Frog skeletons at AMNH
Friday the boys and I went for a walk, thinking we could go to Central Park, but the combination of New York City Marathon preparations and the damage from the storm meant the Parks Department had erected barricades to keep everyone out. As we made our way up Central Park West, a long line of media trucks was assembling, firing up their generators for a weekend’s coverage of the marathon (which was not yet cancelled at this point).  Knowing that pretty much everyone below 34thstreet was still without power (not to mention the flooding and homes destroyed in New Jersey, Staten Island and Long Island), it seemed to us that the resources being poured into the marathon set-up alone could be much better utilized lighting a dark hospital or pumping out a flooded subway. In search of a distraction, we ended up at the American Museum of Natural History, where we looked at an Ivory Ornamental tarantula and some hominid skulls and a giant crystal and a turtle skeleton and some taxidermied tigers and marveled at how most of this museum is like a time machine that takes you on a science filed trip to the 1950s. On our way back up the elevator to our room, some enormous and fit Dutch people lectured us about American politics and the decision to cancel the marathon.

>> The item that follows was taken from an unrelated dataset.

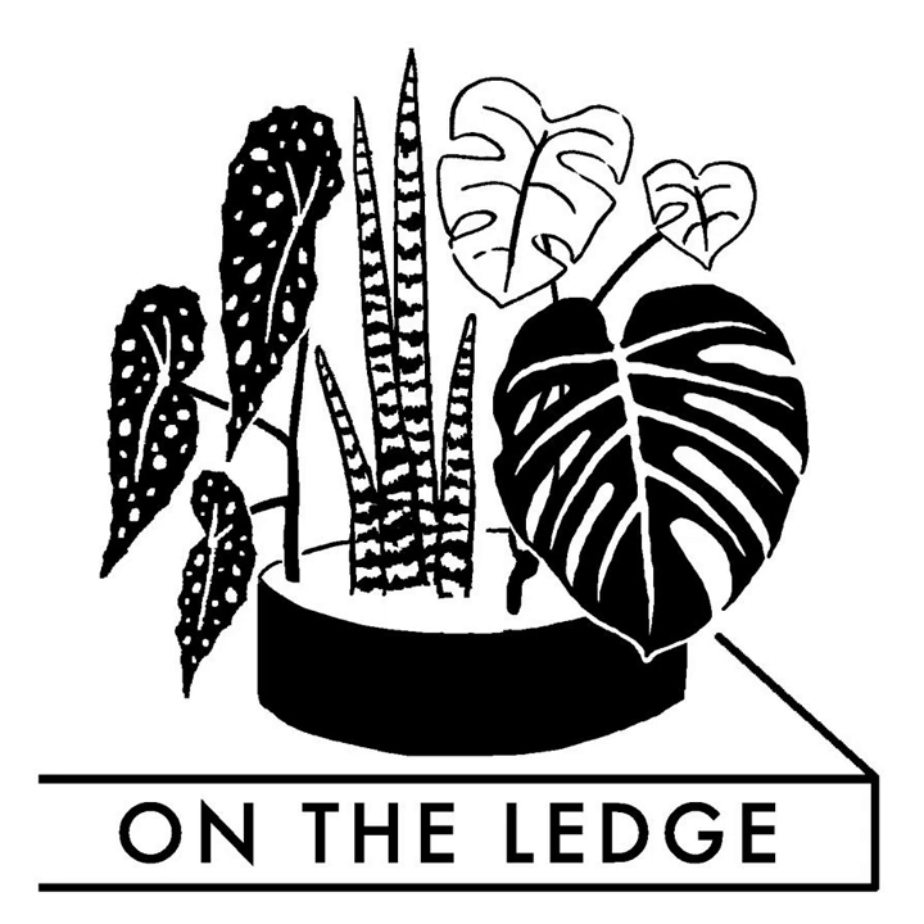That is all for this episode of On The Ledge. I will be back next Friday. Until then, I hope you and your plants find yourselves not just within acceptable parameters, but taking a few moments to enjoy the little things in life. And with that in mind, I'm off to make a cup of tea. Bye!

Saturday we packed up, checked out of the hotel, bought groceries, and got picked up by the Bacon Provider in our own car, because the power was on at home and at our garage.  Now we are back in the apartment, which was 4 1/2 days without power and yet the milk never spoiled. Halloween never happened. As glad as I was to get here and see the lights on, it still feels like part of a long, bad, weird vacation.